Task: Once you find the line with "Put on gloves.", output it and every line after it exactly, through the last line of the listing, but no pictures.

Supplied material:
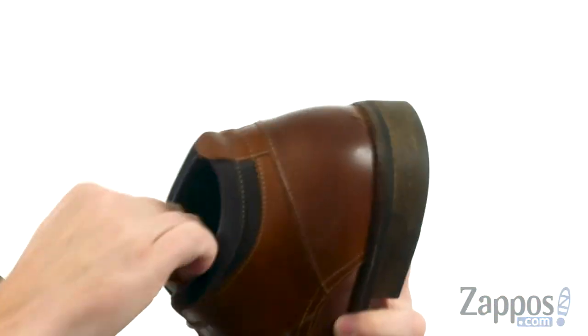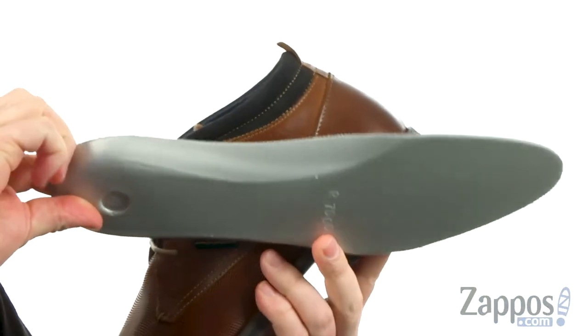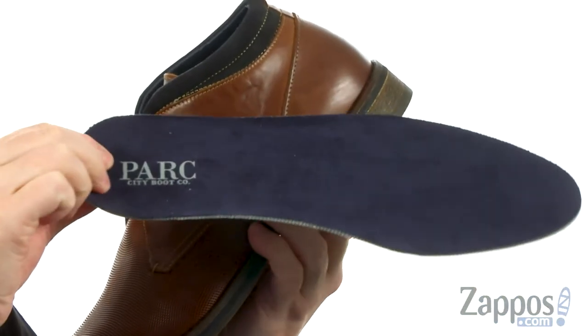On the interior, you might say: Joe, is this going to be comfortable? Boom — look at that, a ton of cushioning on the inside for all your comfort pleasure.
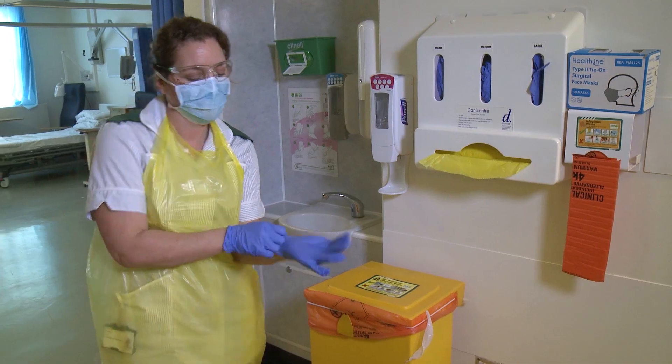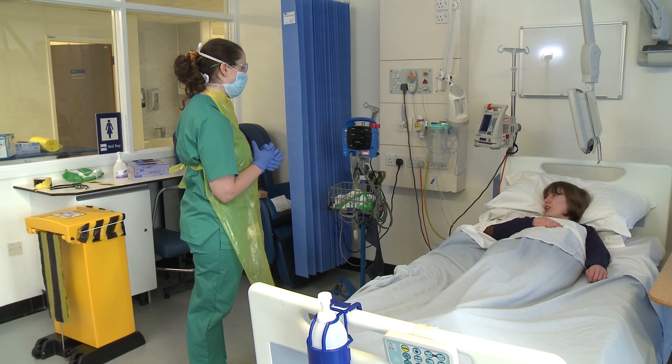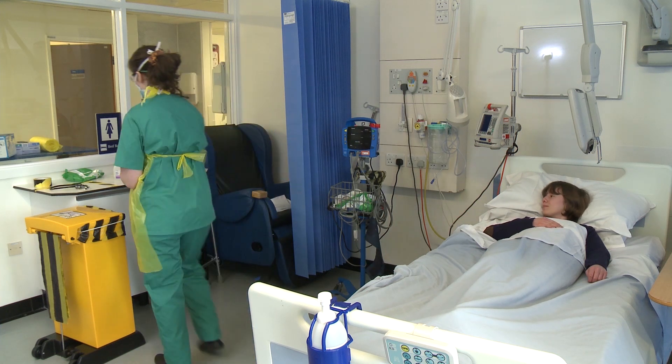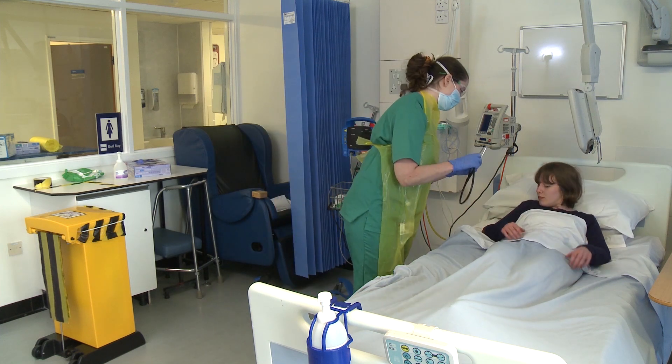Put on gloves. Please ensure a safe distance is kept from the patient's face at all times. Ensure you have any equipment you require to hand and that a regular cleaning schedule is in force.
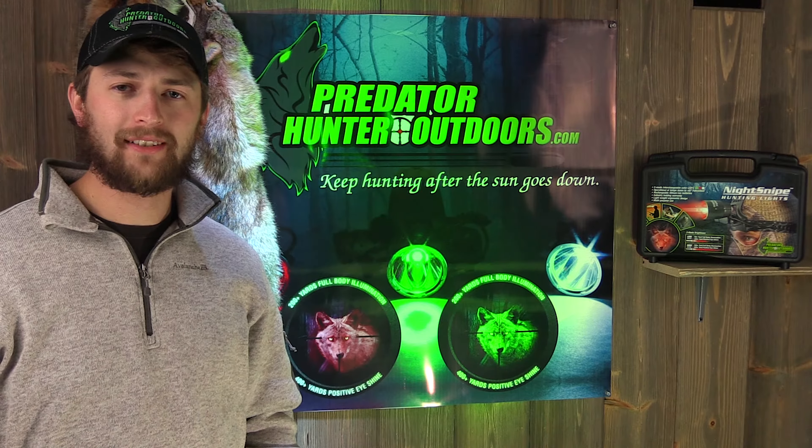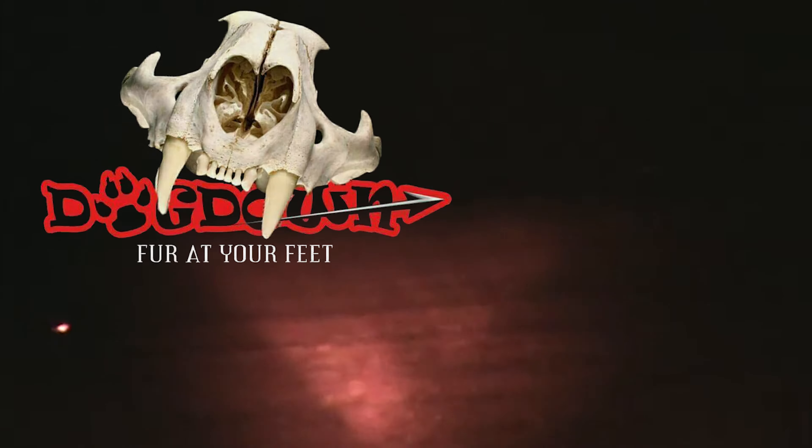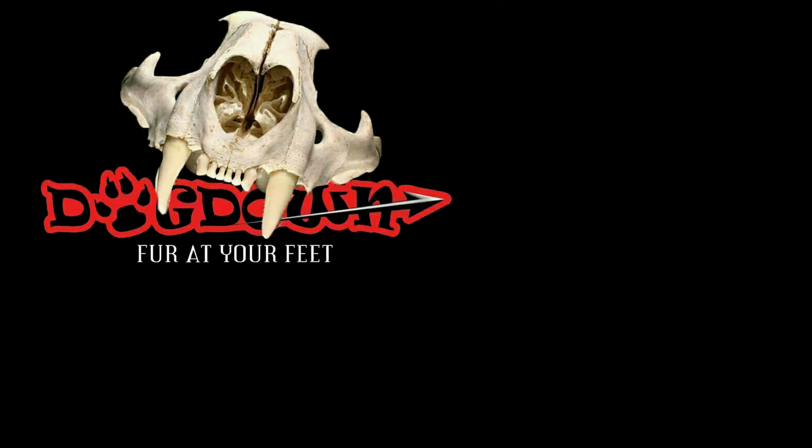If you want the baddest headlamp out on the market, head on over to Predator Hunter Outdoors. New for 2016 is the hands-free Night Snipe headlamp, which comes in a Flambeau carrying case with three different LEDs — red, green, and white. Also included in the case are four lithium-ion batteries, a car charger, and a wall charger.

Answer to the problem:
Put on gloves. Please ensure a safe distance is kept from the patient's face at all times. Ensure you have any equipment you require to hand and that a regular cleaning schedule is in force.
If you want the baddest headlamp out on the market, head on over to Predator Hunter Outdoors. New for 2016 is the hands-free Night Snipe headlamp, which comes in a Flambeau carrying case with three different LEDs — red, green, and white. Also included in the case are four lithium-ion batteries, a car charger, and a wall charger.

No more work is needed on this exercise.